Recognized for his memoir This Boy’s Life, Tobias Wolff has written one novella, The Barracks Thief, which won the prestigious PEN/Faulkner Award for Fiction in 1985. A Vietnam story set entirely in the United States, The Barracks Thief is a compelling drama that explores themes of isolation, conformity, and moral dilemmas in military life. Its protagonist is Philip Bishop, a young army recruit undergoing military training.
The novella is notable for its shifts in point of view. It begins with an omniscient narrative introducing Philip’s father, who is about to leave the family due to an extramarital affair. Wolff suggests a cause-and-effect relationship between his father’s departure and subsequent events that shape Philip’s home life and military experience. Soon, Philip becomes the point-of-view character. Crushed by his father’s abandonment and frustrated by his lack of identity, Philip enlists in the army, leaving behind his mother and brother in Washington State.
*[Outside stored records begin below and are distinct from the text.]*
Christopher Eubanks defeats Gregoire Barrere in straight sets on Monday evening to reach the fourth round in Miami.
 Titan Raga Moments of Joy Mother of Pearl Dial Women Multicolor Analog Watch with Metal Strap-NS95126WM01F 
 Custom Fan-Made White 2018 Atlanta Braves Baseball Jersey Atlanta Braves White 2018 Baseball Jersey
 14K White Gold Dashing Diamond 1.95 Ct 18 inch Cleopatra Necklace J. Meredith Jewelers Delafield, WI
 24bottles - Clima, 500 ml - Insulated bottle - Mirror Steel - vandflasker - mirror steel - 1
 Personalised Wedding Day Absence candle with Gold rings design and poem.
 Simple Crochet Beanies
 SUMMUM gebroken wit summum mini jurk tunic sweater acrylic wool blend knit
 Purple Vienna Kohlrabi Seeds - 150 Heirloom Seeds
Chapters 2 to 4 are narrated in Philip’s first-person voice. After paratrooper training in Georgia, Philip is dispatched to an army base in North Carolina, where he encounters Vietnam veterans who treat new enlistees—Philip, Hubbard, and Lewis—with disdain. Although Philip seeks Hubbard’s friendship, he is wary of Lewis, a braggart with a low IQ.
During a Fourth of July assignment guarding an ammunition dump, the three face a near disaster when fireworks ignite a forest fire. Ordered to stay at their post, they nearly come to blows with local sheriffs who urge evacuation. A last-minute change in the wind prevents catastrophe, temporarily bonding the three men.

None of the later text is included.